Kesempatan untuk berinvestasi di EBT, menurut Paul, harus dibuka bagi pengusaha batu bara maupun pengembang PLTU. Seperti misalnya penggunaan lahan bekas konsensi tambang yang dapat dipasangi sejumlah pembangkit EBT maupun digunakan sebagai lahan untuk menanam penghasil biomassa.

“Dari yang awalnya bergerak di batu bara sudah seharusnya mulai terlibat dalam EBT,” ucap Paul.

Namun, ia memprediksikan ke depannya, PLTU berbasis batu bara juga perlahan perlu dikurangi. Terutama yang berbahan bakar batu bara dengan kalori rendah lantaran memiliki dampak lingkungan yang lebih buruk dan tidak efisien.

Menghadapi potensi perubahan itu, Paul menyuguhkan salah satu solusi.
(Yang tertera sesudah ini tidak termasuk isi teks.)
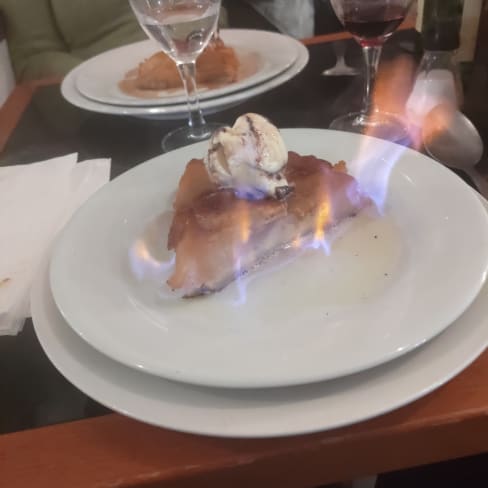 Tarte tatin fait maison flambé à l'armagnac - L'étoile de l'Est, Paris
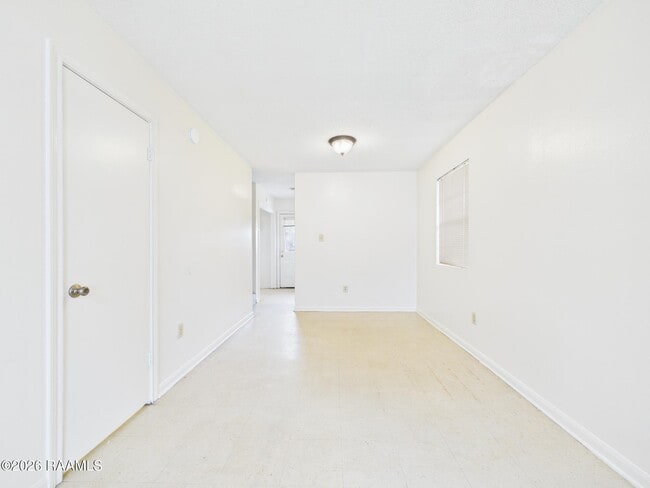 Photo - 104 Country Ln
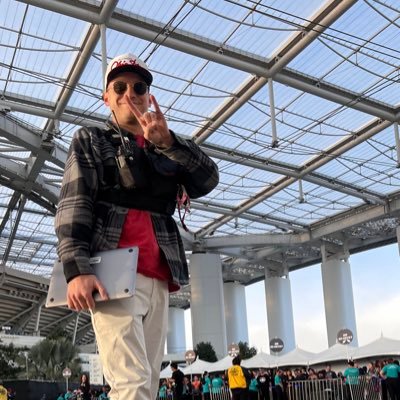 JARCinthewater's profile picture. Chaotic sports fan with a love for music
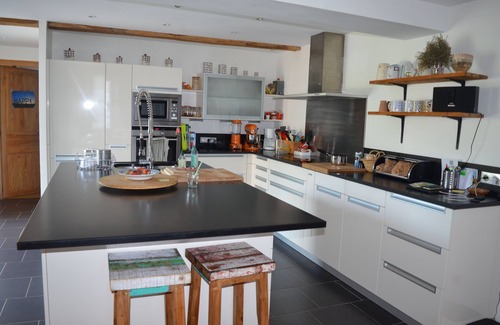 Gan House | Pleasant and functional house, with courtyard and large garden in the city center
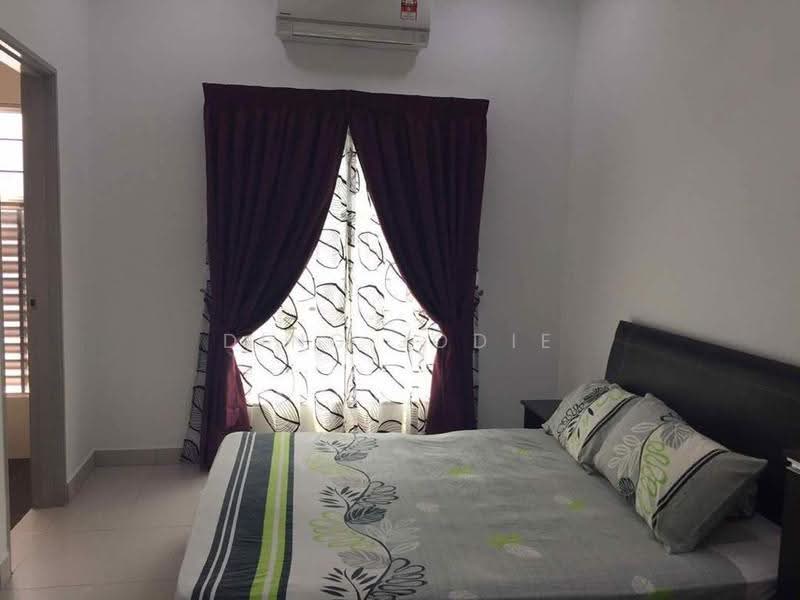 Rumah Teres 2-Tingkat untuk Dijual di Seremban 2 (Negeri Sembilan) - Ding Jodie - Bedroom - PropertyGuru.com.my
Menurutnya, pengembang PLTU terutama yang berbasis batu bara sudah seharusnya dilibatkan dalam pencapain target bauran EBT.

Ketua Dewan Asosiasi METI, M. Riza Husni pun menilai pemerintah cenderung menganaktirikan pengembang EBT skala kecil. Pasalnya, skema yang ada menyulitkan pengembang memperoleh pendanaan lantaran harus menyerahkan jaminan aset yang lebih besar dari nilai pinjaman. Padahal, syarat pendanaan bagi pengembang skala besar relatif lebih mudah karena menjaminkan agunan.

Ia pun meminta pemerintah mempermudah pemberian bunga bagi pembangkit skala kecil karena umumnya pemilik proyeknya adalah pelaku UKM. Hal ini berbeda dengan pembangkit skala besar yang sebagian besar berasal dari kepemilikan asing sehingga mampu mengakses modal besar.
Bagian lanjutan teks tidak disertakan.